|
Index
Unstructured Documents Affordably
Dynamic OCR (also known as Dynamic Forms Processing or Unstructured Forms
Processing) is the cutting-edge new technology that allows very expensive
software packages to read an index field no matter what its location on the
image. Huge data processing centers pay $25,000 or more to implement this
technology in their organizations. How can it be that this feature is included
in oscFile?
oscFile makes
this possible by simplifying Dynamic OCR, using Template and Dictionary Matching
to find a desired index value no matter where it is on the image.
For example, if you want to find a social security number automatically, simply
enter the template ###-##-#### and oscFile will search the entire page until it
finds a match. Since only one social security number is likely to appear on the
page, a match on this pattern is almost certainly the required value.
With dictionary matching, you can give oscFile a list of possible values and it
will automatically search the page for each possible value until it finds a
match.
Many dynamic forms processing applications can be implemented using these simple
algorithms.

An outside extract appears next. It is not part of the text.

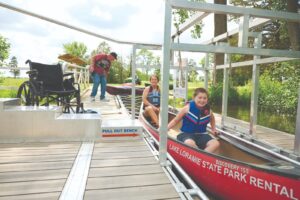 Mother and child in rental canoe at BoardSafe adaptive kayak launch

This makes oscFile far more versatile than other zone OCR solutions
that require the index value to be in the exact same location on every page. Yet
oscFile costs only a fraction of the price!
oscFile’s dynamic forms processing can greatly speed up data entry by
eliminating a good percentage of indexing work. For many this can put the labor
cost of scanning within their reach. Dynamic OCR can also be applied to MS Office and PDF files, creating a fully
automated process for intelligently indexing and reorganizing electronic
documents.
Check our Advanced OCR Guide for information on how to use third party OCR
applications with oscFile to improve accuracy and efficiency in dynamic and
zone OCR applications.
Support for Regular Expressions
oscFile
6.0 adds the ability to use Regular Expressions to find values
within the OCR text or input file path. Regular Expressions (RegEx for short)

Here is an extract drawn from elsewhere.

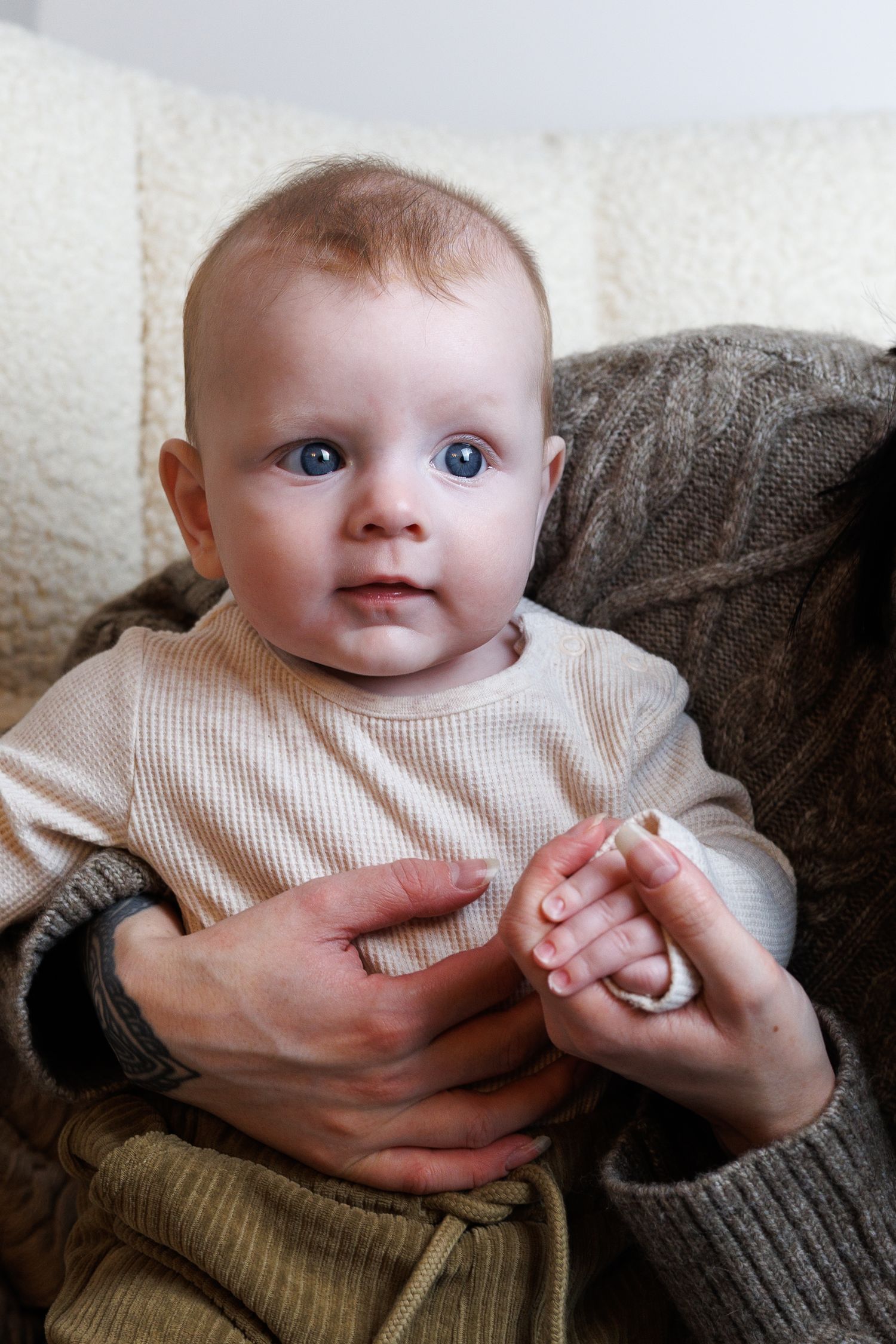 Adorable blue-eyed baby in beige outfit sits supported by adult hands on a cozy chair.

let you define complex search patterns to extract matching values from the text.
This greatly enhances the functionality of the dynamic OCR in oscFile, making
it capable of finding variable-length fields with no distinct pattern.
Regular Expressions are a commonly used in text parsing applications. The Perl
programming language makes extensive use of RegEx, as do UNIX utilities like "grep".
Many programmers and IT personnel are already familiar with RegEx and can create
complex expressions without specific training.
Traditional Zone OCR
If you have standard documents where index data is always in the same
location, the fastest way to index them is with traditional Zone OCR. The
Template and Dictionary Matching features of Dynamic OCR also come in handy with
Zone OCR, since documents can skew during scanning, and unwanted text may shift
into the zone. With oscFile you can draw oversize zones that account for any
amount of skewing, and use Template or Dictionary Matching to extract the data
you need.
Index operators may also manually perform zone OCR during indexing by simply
drawing a box around the desired field value.
Full Page OCR
oscFile also has the ability to perform full-page OCR conversion to MS
Word, HTML, Text or WordPerfect documents. Image and text zone templates can be
drawn and recognized text can be corrected before it is output. You can also use
oscFile's streamlined scanning and indexing workflow to batch process images
and apply standard naming schemes to the OCRed files.
|